20 August 2013 07:35 [Source: ICIS news]
SINGAPORE (ICIS)--China’s crude imports are expected to surpass those of the US around 2017, with the northeast Asian country’s oil import bill expected to reach $500bn (€375bn) by the end of the decade, industry consultant Wood Mackenzie said on Tuesday.
“The price China pays will far outstrip the peak cost ever incurred by the US of $335bn, with US import spend falling to only $160bn by 2020,” it said in a statement.
Over a 15-year period from 2005-2020, China’s oil imports are projected to rise to 9.2m bbl/day from 2.5m bbl/day, while US’ imports are expected to fall to 6.8m bbl/day from 10.1m bbl/day over the same period, according to Wood Mackenzie.
"By 2020, 70% of China's oil demand will come from imports. On the other hand, US import requirements will reduce due to tight oil [shale] production,” said William Durbin, Beijing-based president of global markets at Wood Mackenzie.
“It is important to note these opposing trends as it means the US is becoming more North America-centric for its supply needs and China more dependent on Middle East and OPEC crude.
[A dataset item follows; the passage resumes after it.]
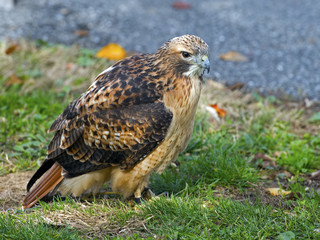 Red-tailed Hawk sitting on the ground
We will therefore see OPEC suppliers, who traditionally focused on the US for crude sales, compelled to shift their focus towards China,” Durbin said.
China’s strong requirement for imported crude can largely be attributed to its domestic oil demand growth, “driven by gasoline demand due to near-exponential increase in personal auto vehicles and diesel demand related to commercial trucking as China’s economy grows”, Wood Mackenzie said.
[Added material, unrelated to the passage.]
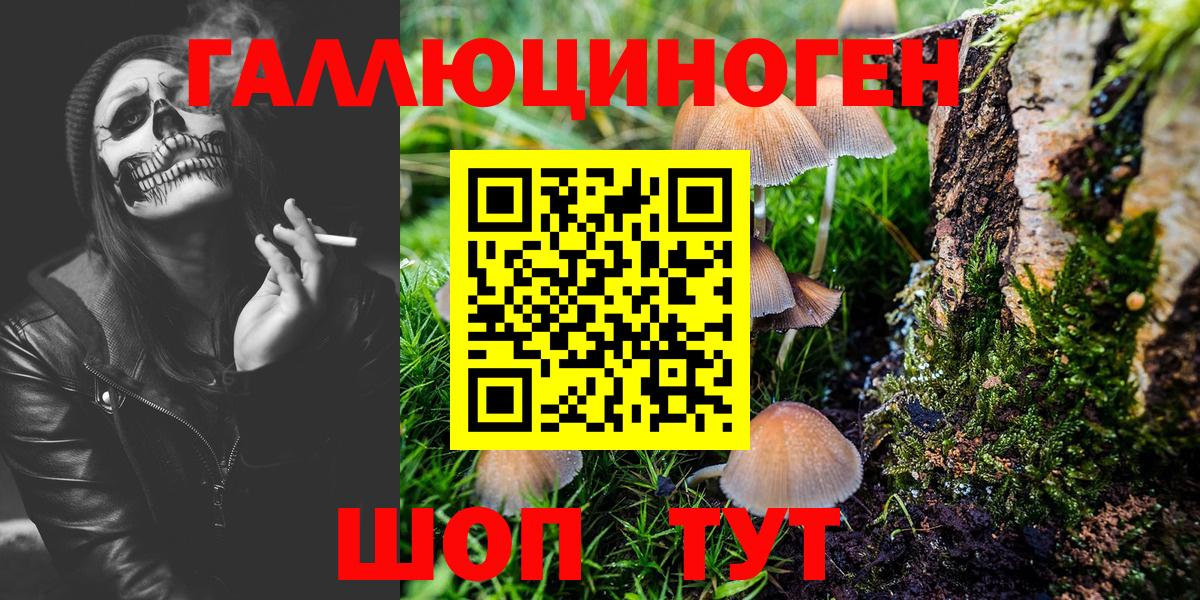 Псилоцибиновые грибы Cubensis  Вход с VPN  Сальск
China is the world’s second biggest economy.
In the first seven months of 2013, the country imported 164,180 tonnes of crude.
China's growth in import demand can largely be attributed to its domestic oil demand growth, driven by gasoline demand due to the near-exponential increase in personal auto vehicles and diesel demand related to commercial trucking as China’s economy grows.